Und wieder Nietzsche, ich kann gar nicht recht in Worte fassen, was mich bei dem durch Münkler angeregten Nachdenken über ihn so atemlos macht. Die völlige Rücksichtslosigkeit in seinen Formulierungen? Sätze, geschrieben vor und nach seiner Erkrankung – wenn man die überhaupt als Zäsur festmachen kann –, die erträglich werden, wenn wir sie als überspitzte Ironie handhabbar machen, sie sind aber ernst gemeint. Mein Freund hat in einem Aufsatz Nietzsches Bemerkung zitiert, dass der Normalzustand der Welt das Chaos ist.
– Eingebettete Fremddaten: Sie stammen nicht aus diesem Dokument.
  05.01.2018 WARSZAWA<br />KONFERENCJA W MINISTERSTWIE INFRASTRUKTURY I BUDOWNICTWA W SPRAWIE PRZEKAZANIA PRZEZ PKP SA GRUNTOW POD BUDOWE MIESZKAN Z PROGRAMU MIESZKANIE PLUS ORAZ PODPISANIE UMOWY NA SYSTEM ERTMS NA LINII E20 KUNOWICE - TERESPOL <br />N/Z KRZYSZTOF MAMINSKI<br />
Wie nahe kommt das unserem Lebensgefühl…
Immer wieder klingt das Problem des Antisemitismus in der Gedankenwelt der drei an. Ein Kapitel widmet sich ausführlich und gründlich diesem Thema, besonders wichtig für das Verständnis von Marx und Wagner, weniger für Nietzsche, dem auch hier radikalen Anti-Antisemiten. Marx hofft bekanntlich in seiner frühen Zeit auf eine Lösung der „Judenfrage“ im Zuge der Überwindung der Klassengesellschaft, seine späteren gelegentlich unflätigen Sätze über Juden tut Münkler als „Alltagsantisemitismus“ ab. Dafür mag manches sprechen, was die Entgleisungen aber nicht harmloser macht. Wagners schlimme Verirrungen schließlich werden erklärt durch die Verbitterung des Künstlers über den verlorenen Machtkampf mit Giacomo Meyerbeer in Paris und vielleicht auch durch die abstruse Gedankenwelt von Cosima. Wie auch immer, es bleibt erschreckend, welche Gedanken in Wagners Gehirn Raum fanden neben der großartigen Musik. Mein verstorbener Jerusalemer Freund, trotz allem ein großer Wagner-Verehrer, pflegte zu sagen: Der liebe Gott weiß schon was er tut, wenn er himmlische Wahrheiten in hässliche Gefäße verpackt.
Nun muss ich abschließend aber erklären, warum ich den Bericht über meine Lesererfahrungen bei Herfried Münklers Buch unter die Überschrift „Paradigmenwechsel“ stelle. Wer das Buch liest, wird viele Gründe dafür finden, wie ja schon der Untertitel „Welt im Umbruch“ signalisiert. Mir ist ehrlich gesagt dieses Wort eingefallen – und hat mich nun doch zum Grübeln über unsere Zeitläufte angeregt -, als ich in dem Buch die Wiedergabe einer sehr bissigen Formulierung aus dem Aufsatz von Karl Marx „Der achtzehnte Brumaire des Louis Bonaparte“ von 1852 fand, einer Analyse des Staatsstreichs des späteren Napoleon III. Marx stellt bitter fest, „dass nur noch eins fehle, um die wahre Gestalt dieser Republik zu vollenden: Des Parlaments Ferien permanent machen und ihre Aufschrift: Liberté, egalité, fraternité zu ersetzen durch die unzweideutigen Worte: Infanterie, Cavallerie, Artillerie!“
So werde ich eben das Gefühl nicht los, dass Geschichte sich leider doch wiederholt. Aber weil ich nicht in die Falle tappen will, die Münkler erfolgreich umgeht, breche ich hier ab, durchaus mit einer Empfehlung zur eigenen Lektüre – und vor allem zum eigenen Nachdenken!